- TASK DESCRIPTION
Look in the data below for the line that contains "ODETTE E ODILE「ラウンドモカ フラット15&uarr;」|モカシン|". Copy that line and the remaining lines exactly.

- SUPPLIED MATERIAL
----------------------------------------
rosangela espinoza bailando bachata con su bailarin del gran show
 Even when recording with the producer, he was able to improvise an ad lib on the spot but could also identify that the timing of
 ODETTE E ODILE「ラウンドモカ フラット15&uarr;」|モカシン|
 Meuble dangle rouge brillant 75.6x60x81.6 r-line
----------------------------------------
- TASK RESULT
 ODETTE E ODILE「ラウンドモカ フラット15&uarr;」|モカシン|
 Meuble dangle rouge brillant 75.6x60x81.6 r-line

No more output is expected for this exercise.